The men's 60 metres hurdles event at the 1990 European Athletics Indoor Championships was held in Kelvin Hall on 4 March.

==Medalists==

| Gold | Silver | Bronze |
|---|---|---|
| Igors Kazanovs Soviet Union | Tony Jarrett Great Britain | Florian Schwarthoff West Germany |

==Results==
===Heats===
First 2 from each heat (Q) and the next 2 fastest (q) qualified for the semifinals.
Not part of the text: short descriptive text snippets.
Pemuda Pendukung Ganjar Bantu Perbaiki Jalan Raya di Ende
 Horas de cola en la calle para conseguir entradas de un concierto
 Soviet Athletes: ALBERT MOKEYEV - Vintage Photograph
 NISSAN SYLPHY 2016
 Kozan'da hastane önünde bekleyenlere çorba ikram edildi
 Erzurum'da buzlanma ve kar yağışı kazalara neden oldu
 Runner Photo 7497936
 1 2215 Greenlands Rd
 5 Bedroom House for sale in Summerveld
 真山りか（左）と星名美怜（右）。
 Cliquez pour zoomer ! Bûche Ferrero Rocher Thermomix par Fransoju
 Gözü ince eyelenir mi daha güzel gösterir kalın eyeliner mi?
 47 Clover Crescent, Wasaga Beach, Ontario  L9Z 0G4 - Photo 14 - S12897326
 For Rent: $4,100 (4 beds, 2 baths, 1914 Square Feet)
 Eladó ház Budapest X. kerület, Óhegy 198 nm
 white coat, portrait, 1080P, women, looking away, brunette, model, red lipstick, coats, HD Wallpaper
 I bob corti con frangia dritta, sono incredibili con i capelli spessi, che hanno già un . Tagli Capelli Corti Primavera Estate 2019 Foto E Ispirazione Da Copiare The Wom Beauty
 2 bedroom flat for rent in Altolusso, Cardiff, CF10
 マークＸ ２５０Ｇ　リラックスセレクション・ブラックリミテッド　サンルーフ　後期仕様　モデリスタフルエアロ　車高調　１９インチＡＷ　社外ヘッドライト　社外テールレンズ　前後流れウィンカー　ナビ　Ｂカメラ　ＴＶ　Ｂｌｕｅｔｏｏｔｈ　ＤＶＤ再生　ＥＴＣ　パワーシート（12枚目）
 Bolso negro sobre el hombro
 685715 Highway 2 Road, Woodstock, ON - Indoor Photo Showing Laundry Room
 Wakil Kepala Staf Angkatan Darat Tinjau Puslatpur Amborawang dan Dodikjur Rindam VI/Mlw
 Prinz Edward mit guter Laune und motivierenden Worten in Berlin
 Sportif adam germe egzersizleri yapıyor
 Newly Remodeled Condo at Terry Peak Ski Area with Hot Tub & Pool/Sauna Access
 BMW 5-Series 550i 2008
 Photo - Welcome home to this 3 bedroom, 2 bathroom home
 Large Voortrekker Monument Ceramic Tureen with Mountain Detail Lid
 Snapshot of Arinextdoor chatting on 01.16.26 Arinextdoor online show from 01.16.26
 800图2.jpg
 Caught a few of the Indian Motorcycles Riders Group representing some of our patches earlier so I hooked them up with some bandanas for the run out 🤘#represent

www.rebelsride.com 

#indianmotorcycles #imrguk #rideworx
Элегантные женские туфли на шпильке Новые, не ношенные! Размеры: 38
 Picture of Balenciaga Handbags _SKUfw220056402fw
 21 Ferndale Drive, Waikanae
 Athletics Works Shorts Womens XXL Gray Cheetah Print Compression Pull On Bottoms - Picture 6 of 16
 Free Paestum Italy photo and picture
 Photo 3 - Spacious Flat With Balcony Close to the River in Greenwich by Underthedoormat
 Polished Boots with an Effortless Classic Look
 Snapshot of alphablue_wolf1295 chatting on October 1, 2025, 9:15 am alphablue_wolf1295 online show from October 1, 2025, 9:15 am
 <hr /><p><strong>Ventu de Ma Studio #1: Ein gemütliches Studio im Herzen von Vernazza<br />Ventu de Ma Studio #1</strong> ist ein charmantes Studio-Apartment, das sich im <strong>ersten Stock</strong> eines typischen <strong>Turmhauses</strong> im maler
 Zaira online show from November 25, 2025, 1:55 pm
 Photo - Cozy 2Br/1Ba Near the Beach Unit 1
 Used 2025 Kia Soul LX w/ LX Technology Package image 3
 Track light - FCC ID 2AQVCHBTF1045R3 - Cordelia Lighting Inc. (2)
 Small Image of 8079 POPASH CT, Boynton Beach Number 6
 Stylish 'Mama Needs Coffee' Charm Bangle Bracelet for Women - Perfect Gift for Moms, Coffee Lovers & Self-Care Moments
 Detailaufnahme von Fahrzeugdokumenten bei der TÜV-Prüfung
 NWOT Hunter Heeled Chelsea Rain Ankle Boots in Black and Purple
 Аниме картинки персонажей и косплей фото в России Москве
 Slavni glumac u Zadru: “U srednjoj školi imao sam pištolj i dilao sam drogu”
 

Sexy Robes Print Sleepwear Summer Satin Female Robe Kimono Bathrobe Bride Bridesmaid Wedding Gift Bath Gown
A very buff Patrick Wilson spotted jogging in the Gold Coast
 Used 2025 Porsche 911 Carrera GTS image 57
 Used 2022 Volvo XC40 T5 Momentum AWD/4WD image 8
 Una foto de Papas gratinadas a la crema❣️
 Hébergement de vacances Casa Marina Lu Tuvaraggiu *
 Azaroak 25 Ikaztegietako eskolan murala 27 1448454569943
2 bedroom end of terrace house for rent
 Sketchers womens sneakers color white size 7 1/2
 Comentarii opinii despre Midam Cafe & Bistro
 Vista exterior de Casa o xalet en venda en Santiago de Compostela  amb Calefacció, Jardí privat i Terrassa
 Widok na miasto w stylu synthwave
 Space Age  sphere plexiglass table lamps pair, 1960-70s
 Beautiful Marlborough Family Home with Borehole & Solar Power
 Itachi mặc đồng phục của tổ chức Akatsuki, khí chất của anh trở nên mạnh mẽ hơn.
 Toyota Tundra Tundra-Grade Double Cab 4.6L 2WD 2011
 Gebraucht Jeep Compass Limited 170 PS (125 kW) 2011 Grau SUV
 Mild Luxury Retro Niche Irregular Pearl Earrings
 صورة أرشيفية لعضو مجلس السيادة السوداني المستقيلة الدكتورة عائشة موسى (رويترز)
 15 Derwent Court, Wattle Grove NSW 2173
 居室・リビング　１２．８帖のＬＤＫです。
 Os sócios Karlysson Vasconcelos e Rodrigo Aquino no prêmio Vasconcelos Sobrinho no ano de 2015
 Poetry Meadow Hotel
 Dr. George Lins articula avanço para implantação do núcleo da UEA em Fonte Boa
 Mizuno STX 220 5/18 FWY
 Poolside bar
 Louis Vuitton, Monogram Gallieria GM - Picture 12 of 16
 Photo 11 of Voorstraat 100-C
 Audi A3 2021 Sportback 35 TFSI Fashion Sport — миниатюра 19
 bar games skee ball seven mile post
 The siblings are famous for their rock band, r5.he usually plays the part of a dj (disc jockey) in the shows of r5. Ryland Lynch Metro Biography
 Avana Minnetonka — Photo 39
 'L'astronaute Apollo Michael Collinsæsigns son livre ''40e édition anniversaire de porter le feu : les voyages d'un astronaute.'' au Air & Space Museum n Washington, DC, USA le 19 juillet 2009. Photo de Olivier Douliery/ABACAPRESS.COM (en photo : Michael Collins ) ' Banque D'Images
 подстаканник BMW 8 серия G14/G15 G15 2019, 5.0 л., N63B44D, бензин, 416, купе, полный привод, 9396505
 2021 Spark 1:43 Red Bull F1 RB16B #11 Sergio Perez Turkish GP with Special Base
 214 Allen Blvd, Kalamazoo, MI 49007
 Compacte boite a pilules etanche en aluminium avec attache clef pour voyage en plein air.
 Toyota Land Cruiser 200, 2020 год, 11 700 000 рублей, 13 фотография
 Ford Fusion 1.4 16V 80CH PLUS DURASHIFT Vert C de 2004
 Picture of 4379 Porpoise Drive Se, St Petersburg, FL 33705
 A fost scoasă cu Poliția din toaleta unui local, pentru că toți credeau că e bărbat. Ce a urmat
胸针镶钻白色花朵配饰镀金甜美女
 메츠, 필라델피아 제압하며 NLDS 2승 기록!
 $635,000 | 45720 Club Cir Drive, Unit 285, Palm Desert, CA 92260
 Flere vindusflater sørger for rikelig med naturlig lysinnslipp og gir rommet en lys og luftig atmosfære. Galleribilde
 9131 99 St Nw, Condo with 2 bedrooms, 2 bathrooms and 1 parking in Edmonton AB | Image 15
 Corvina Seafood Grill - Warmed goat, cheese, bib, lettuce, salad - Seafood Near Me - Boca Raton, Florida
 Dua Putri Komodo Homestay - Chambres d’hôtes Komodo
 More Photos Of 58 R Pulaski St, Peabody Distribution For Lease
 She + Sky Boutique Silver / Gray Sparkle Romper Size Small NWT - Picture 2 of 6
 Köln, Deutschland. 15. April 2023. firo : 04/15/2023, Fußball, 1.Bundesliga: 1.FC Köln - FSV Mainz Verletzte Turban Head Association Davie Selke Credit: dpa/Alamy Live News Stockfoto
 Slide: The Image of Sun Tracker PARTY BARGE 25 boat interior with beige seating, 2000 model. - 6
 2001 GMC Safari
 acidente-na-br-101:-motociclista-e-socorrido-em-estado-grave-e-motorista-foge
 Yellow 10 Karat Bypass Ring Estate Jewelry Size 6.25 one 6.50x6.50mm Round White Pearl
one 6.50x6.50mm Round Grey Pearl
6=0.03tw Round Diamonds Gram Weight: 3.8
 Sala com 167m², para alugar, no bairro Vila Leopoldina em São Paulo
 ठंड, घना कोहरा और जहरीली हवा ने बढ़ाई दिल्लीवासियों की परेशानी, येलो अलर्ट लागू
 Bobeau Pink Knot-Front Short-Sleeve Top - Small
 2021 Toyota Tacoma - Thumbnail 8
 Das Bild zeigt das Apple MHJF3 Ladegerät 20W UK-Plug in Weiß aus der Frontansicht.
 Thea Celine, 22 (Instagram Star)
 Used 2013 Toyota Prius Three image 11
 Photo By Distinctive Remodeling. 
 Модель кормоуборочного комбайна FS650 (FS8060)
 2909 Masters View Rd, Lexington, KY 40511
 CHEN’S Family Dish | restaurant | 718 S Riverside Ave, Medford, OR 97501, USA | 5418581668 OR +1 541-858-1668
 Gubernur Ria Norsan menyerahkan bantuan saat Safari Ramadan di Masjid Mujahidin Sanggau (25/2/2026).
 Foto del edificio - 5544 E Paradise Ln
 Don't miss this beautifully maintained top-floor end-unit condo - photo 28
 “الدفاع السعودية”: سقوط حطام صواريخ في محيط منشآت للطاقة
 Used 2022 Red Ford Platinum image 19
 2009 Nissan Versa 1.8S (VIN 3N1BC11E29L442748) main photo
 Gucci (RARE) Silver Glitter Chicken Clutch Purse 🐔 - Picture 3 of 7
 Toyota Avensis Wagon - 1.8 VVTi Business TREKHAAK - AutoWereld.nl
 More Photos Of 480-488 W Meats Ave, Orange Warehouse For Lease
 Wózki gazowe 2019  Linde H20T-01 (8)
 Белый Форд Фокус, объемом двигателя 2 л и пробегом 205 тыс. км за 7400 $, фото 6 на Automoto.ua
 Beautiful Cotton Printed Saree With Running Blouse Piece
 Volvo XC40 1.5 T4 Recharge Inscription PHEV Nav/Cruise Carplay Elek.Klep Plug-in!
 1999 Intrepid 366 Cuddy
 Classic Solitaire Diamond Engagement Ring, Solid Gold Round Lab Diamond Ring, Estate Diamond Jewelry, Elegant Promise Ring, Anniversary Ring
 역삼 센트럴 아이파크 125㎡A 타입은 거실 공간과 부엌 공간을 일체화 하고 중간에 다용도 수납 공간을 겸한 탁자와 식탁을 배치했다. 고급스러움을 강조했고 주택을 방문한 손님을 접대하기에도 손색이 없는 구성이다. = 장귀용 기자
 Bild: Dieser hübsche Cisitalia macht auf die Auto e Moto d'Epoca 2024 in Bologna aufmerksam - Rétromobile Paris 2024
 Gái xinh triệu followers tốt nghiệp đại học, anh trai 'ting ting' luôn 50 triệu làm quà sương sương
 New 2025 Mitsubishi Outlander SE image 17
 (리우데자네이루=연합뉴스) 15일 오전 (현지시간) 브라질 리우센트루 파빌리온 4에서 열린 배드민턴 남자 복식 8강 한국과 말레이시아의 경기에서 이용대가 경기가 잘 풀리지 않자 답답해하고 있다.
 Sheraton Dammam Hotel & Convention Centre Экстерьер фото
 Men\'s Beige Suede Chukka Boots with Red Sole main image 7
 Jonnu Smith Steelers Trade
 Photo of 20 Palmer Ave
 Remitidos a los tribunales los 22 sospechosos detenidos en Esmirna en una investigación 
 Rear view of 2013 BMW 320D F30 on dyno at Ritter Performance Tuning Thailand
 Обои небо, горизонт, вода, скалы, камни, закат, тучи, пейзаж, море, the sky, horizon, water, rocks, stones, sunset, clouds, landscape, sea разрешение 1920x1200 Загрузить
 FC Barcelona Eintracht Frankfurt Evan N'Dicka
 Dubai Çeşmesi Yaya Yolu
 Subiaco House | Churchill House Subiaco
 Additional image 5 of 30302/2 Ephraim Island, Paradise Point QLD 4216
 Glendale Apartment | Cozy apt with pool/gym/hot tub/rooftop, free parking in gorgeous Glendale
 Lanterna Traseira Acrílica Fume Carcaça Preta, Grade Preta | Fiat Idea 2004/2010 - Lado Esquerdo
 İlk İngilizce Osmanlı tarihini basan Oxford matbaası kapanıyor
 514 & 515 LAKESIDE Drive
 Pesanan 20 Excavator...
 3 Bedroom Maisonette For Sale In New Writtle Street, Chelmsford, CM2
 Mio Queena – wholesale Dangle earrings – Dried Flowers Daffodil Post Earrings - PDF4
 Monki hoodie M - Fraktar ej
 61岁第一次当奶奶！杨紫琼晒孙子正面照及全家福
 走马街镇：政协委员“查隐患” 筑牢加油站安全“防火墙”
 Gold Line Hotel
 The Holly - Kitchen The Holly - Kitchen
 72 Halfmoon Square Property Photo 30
| Rank | Heat | Name | Nationality | Time | Notes |
|---|---|---|---|---|---|
| 1 | 1 | Tony Jarrett | Great Britain | 7.54 | Q |
| 2 | 4 | Tomasz Nagórka | Poland | 7.60 | Q |
| 3 | 5 | Jiří Hudec | Czechoslovakia | 7.71 | Q |
| 4 | 2 | Dietmar Koszewski | West Germany | 7.75 | Q |
| 4 | 5 | Stefan Mattern | West Germany | 7.75 | Q |
| 6 | 4 | Igors Kazanovs | Soviet Union | 7.77 | Q |
| 7 | 1 | Thomas J. Kearns | Ireland | 7.80 | Q |
| 8 | 1 | Florian Schwarthoff | West Germany | 7.80 | q |
| 9 | 2 | Liviu Giurgian | Romania | 7.81 | Q |
| 10 | 3 | Carles Sala | Spain | 7.82 | Q |
| 11 | 3 | Laurent Ottoz | Italy | 7.82 | Q |
| 12 | 2 | Dan Philibert | France | 7.82 | q |
| 12 | 4 | Mike Fenner | East Germany | 7.82 |  |
| 14 | 3 | Hugh Teape | Great Britain | 7.83 |  |
| 15 | 1 | Javier Moracho | Spain | 7.84 |  |
| 16 | 5 | Idriss Gonschinska | East Germany | 7.89 |  |
| 17 | 2 | Ulf Söderman | Sweden | 7.90 |  |
| 18 | 2 | Holger Pohland | East Germany | 7.93 |  |
| 18 | 5 | Niklas Eriksson | Sweden | 7.93 |  |
| 20 | 4 | Sébastien Thibault | France | 7.94 |  |
| 21 | 1 | Per Nicolaisen | Norway | 7.99 |  |
| 21 | 4 | Igor Kováč | Czechoslovakia | 7.99 |  |
| 23 | 3 | Michael Loizias | Cyprus | 8.45 |  |
| 24 | 3 | Aleš Höffer | Czechoslovakia | 8.50 |  |
|  | 3 | Philippe Tourret | France | DNF |  |
|  | 5 | David Nelson | Great Britain | DNF |  |

===Semifinals===
First 2 from each semifinal (Q) and the next 2 fastest (q) qualified for the final.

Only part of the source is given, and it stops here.